After Cody was convicted of aggravated assault with a deadly weapon and sentenced to
fifteen years, B.W. and T.W. visited with Cody at the Bexar County jail on two occasions. Beth
testified she allowed the visits so the children could visualize where Cody was and that he was
okay. After the first visit, T.W. cried in the shower, and both children were emotionally affected
by the visit.
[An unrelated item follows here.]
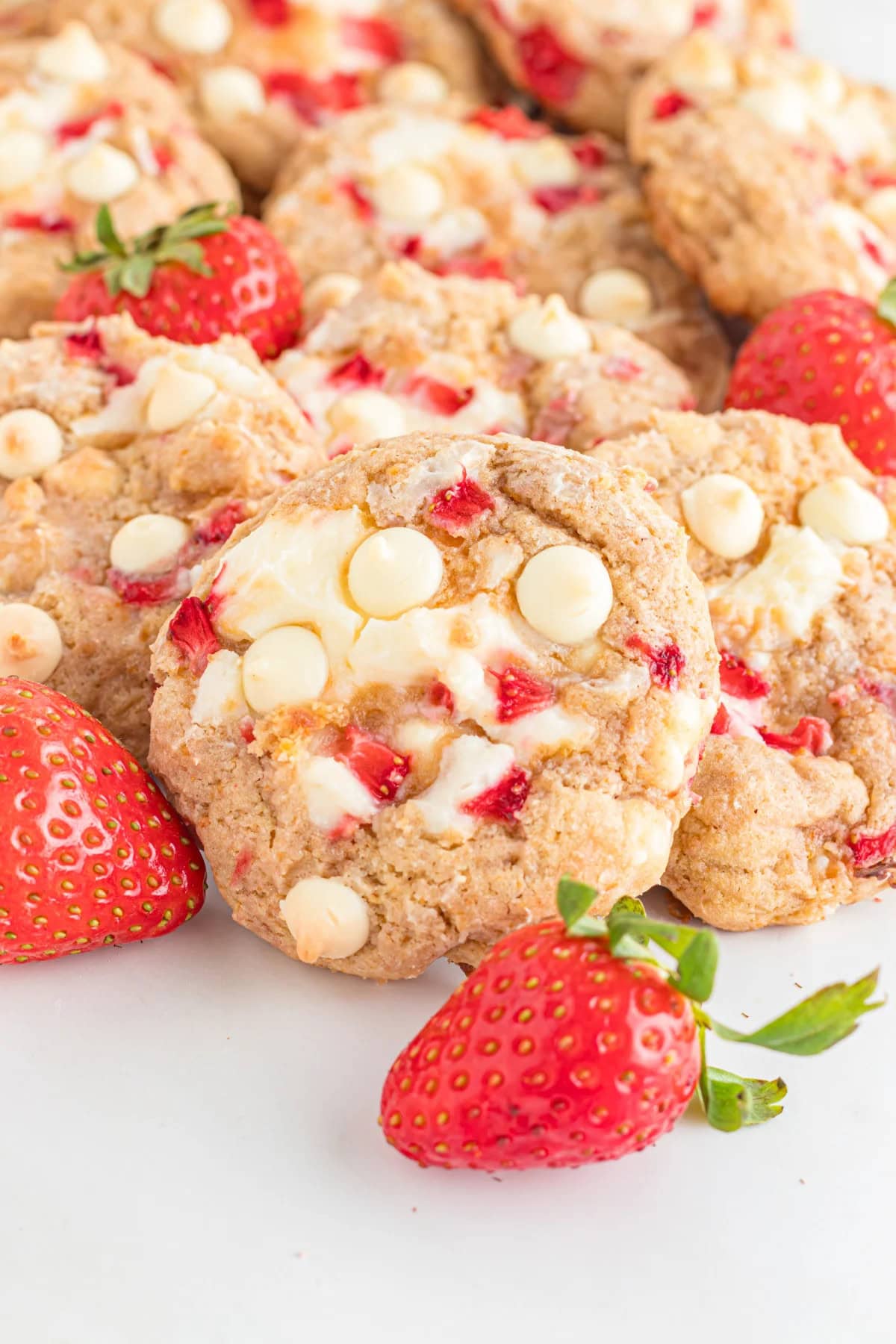 25 Fresh Strawberry Recipes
After the second visit, both children cried for an hour and began fighting with each
other. Based on their reactions, Beth testified it was not in their best interest to continue visiting
with Cody at the jail.
The children were initially speaking with Cody on the telephone on a daily basis; however,
the calls were reduced to twice a week because the children were having difficulty processing the
situation. Beth testified the children’s behavior improved when their communication with Cody
decreased, and the children eventually started running and hiding from the telephone when Cody
called. Beth explained the children did not understand things Cody told them or how to process
what he was saying. Cody wrote the children a letter stating evil forces led to his conviction but
later wrote the children a letter stating God allowed him to be convicted so he could lead the other
prisoners. Beth testified Cody wrote one letter “in the first person as God and signed it, Love
God.” On March 23, 2016, Cody wrote T.W. a letter telling her they would “be together as a
family again before you know it.” Beth testified she was asking the trial court to deny Cody access
to the children because it was not in their best interest.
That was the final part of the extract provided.